Your task: Only the lines below from the one with "Dntorx Hanging Jewelry" through the one with "Kaos katun kualitas" are to be written out, exactly and without any images.

━━━ Exercise data

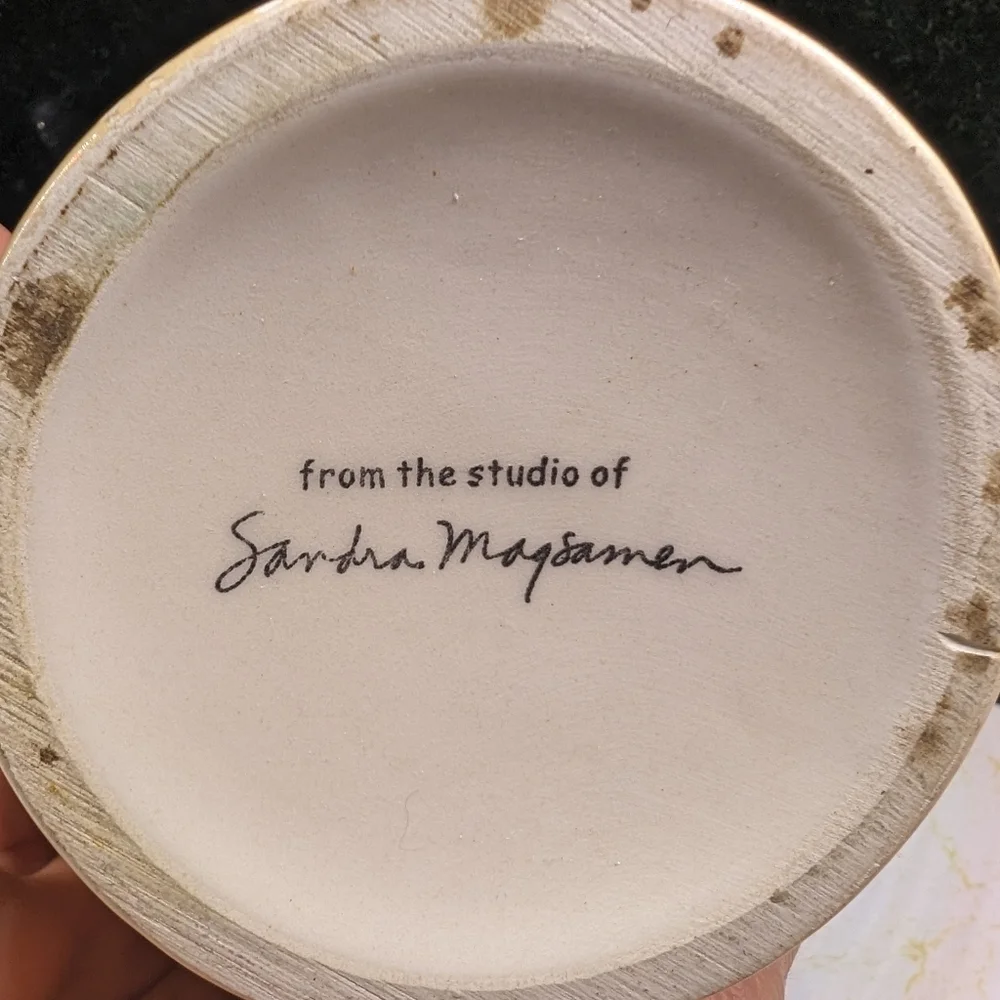 Sandra Magsamen Wonderful Grandmother 14oz tall‎ coffee mug cream&floral relief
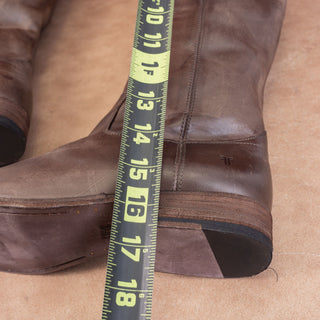 Frye Wmn Melissa Button Dark Brown Leather Equestrian Riding Knee Boots sz 8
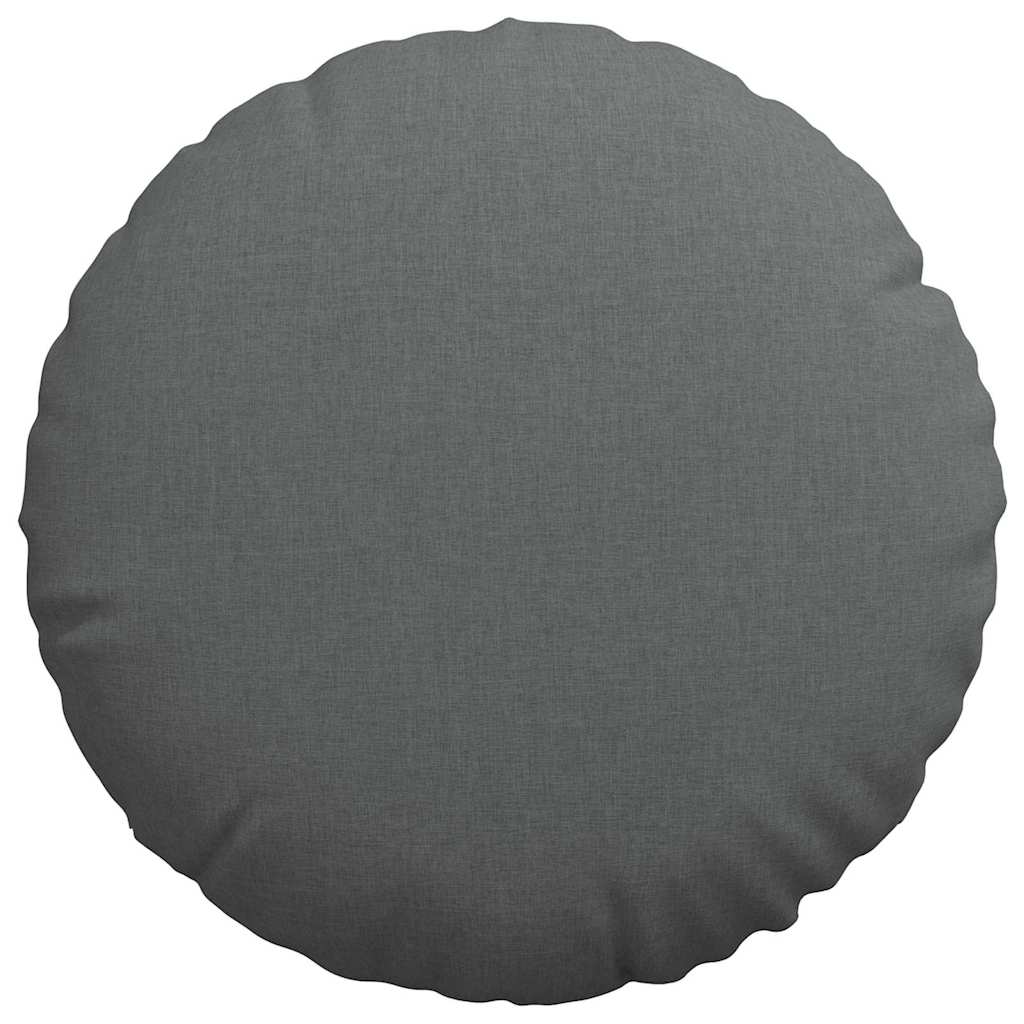 Seat Cushions 2 pcs Dark Grey Ø60 x 21 cm Fabric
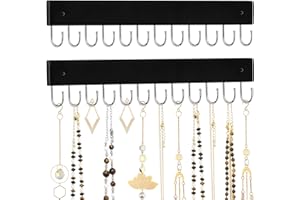 Dntorx Hanging Jewelry Organizer, 2 Pack Black Necklace Holder for Wall Wooden Necklace Organizers Hangers Wall Mount with 24 Hooks Jewelry Display Hanger for Necklaces, Bracelets, Earrings, Keys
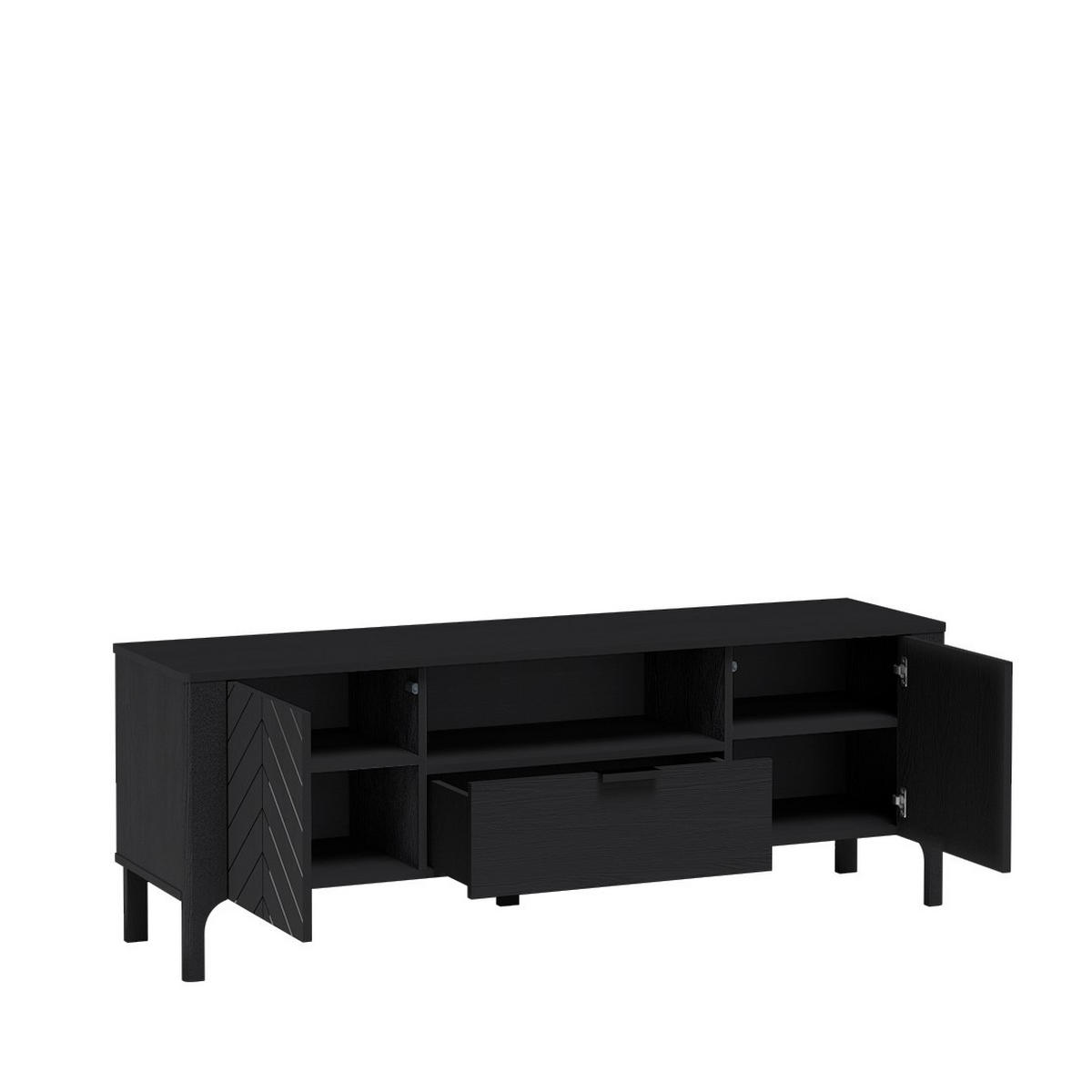 RTV-SCHRANK Lumi Schwarz, Zweitüriger TV-Tisch mit Schublade - Schwarz, Holzwerkstoff (160/57/41cm) - Bettso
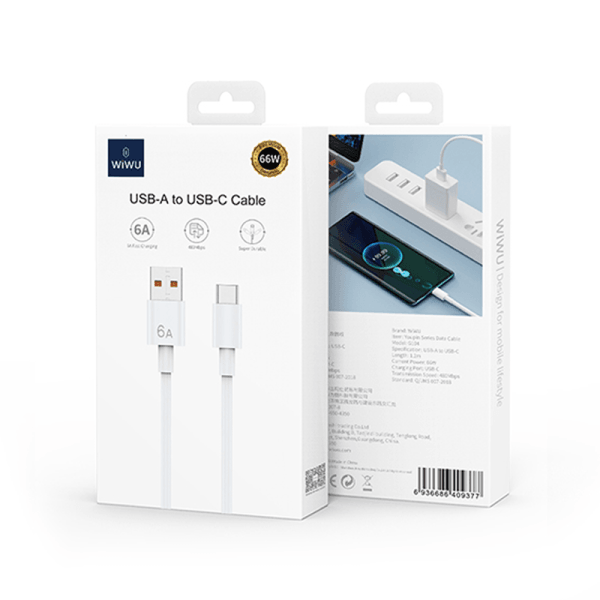 Wiwu G104 كابل شحن سريع 66 وات USB-A إلى Type-C وكابل بيانات بطول 1.2 متر - أبيض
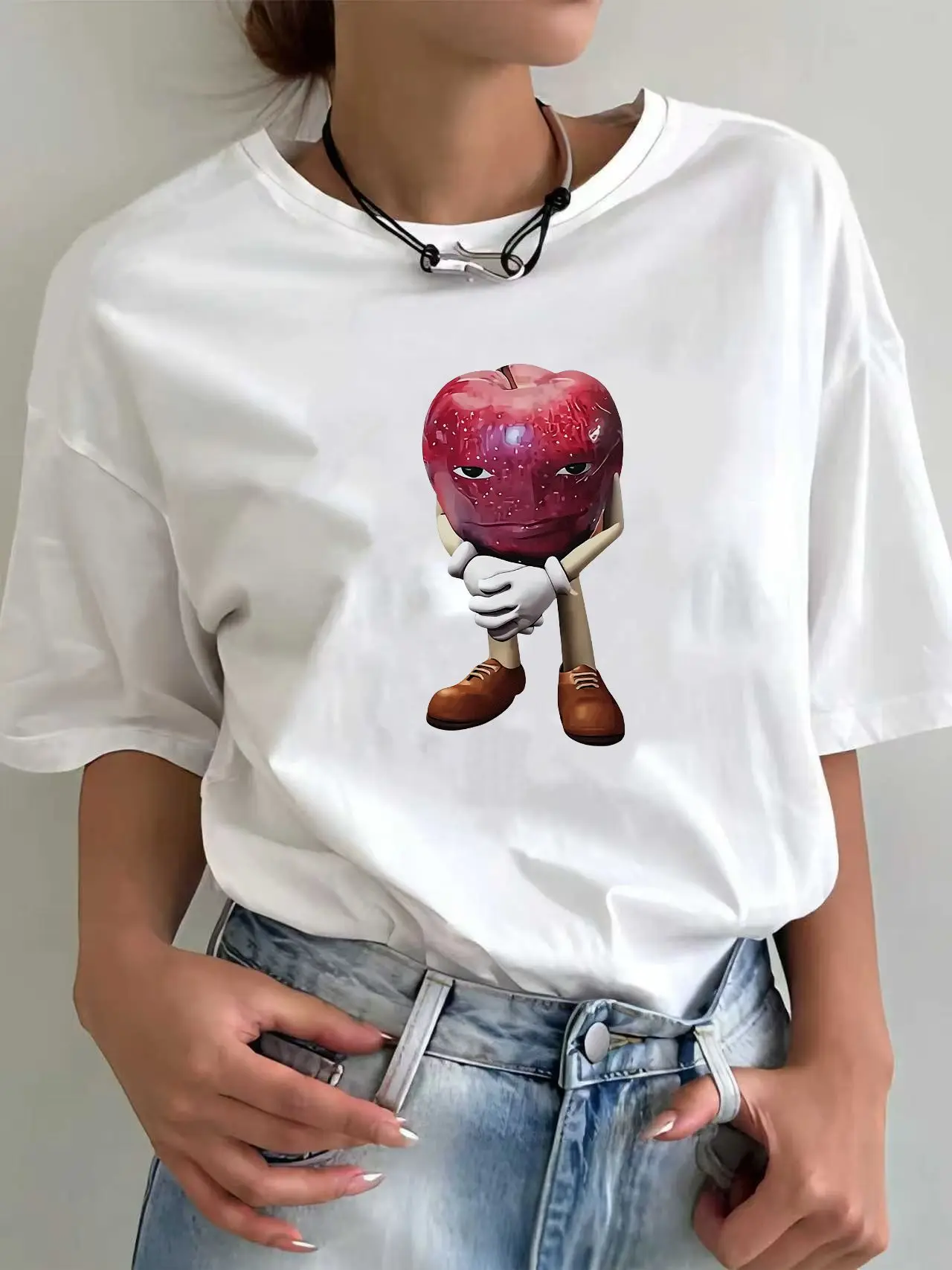 Kaos katun kualitas tinggi pria, T-shirt atasan lengan pendek kasual Retro Apple dengan wajah Meme uniseks image 4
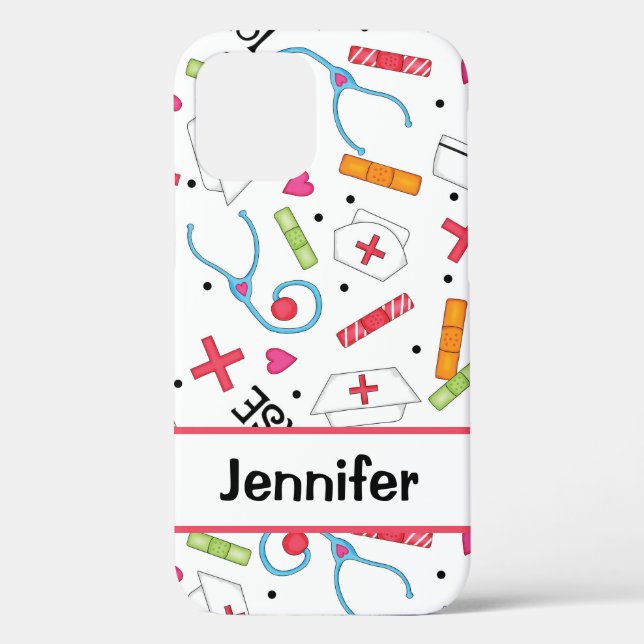 Coques Case-Mate iPhone Nurse Whimsy Art Médicale Blanc Nom Personnalisé (Verso)
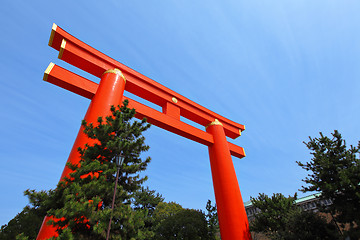 Image showing Japanese torii and blue sky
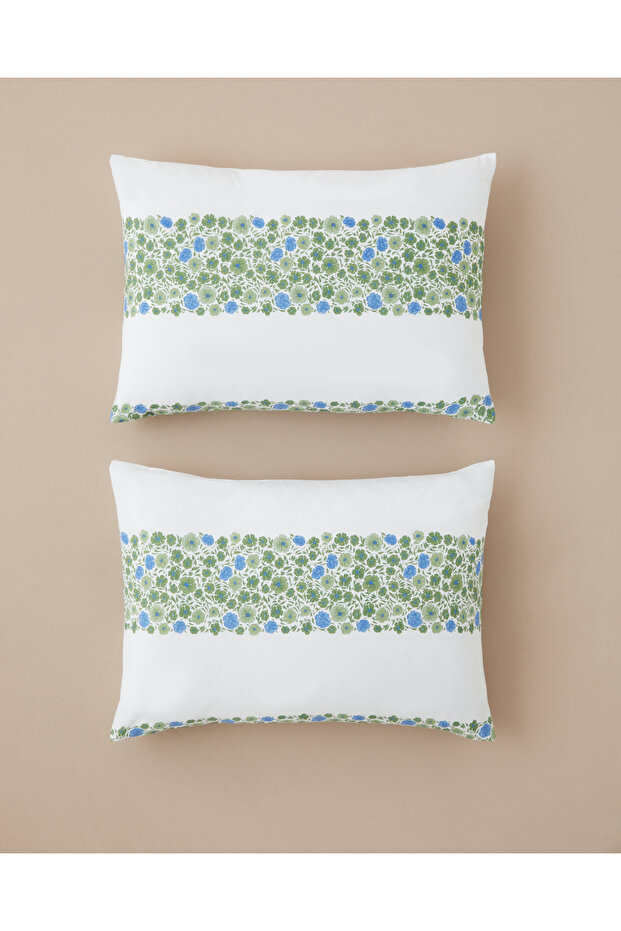 Forest Blossom Easy-Iron 2-Piece Pillowcase 50X70 cm Blue - Green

━━━━━━

Exercise answer:
 Dntorx Hanging Jewelry Organizer, 2 Pack Black Necklace Holder for Wall Wooden Necklace Organizers Hangers Wall Mount with 24 Hooks Jewelry Display Hanger for Necklaces, Bracelets, Earrings, Keys
 RTV-SCHRANK Lumi Schwarz, Zweitüriger TV-Tisch mit Schublade - Schwarz, Holzwerkstoff (160/57/41cm) - Bettso
 Wiwu G104 كابل شحن سريع 66 وات USB-A إلى Type-C وكابل بيانات بطول 1.2 متر - أبيض
 Kaos katun kualitas tinggi pria, T-shirt atasan lengan pendek kasual Retro Apple dengan wajah Meme uniseks image 4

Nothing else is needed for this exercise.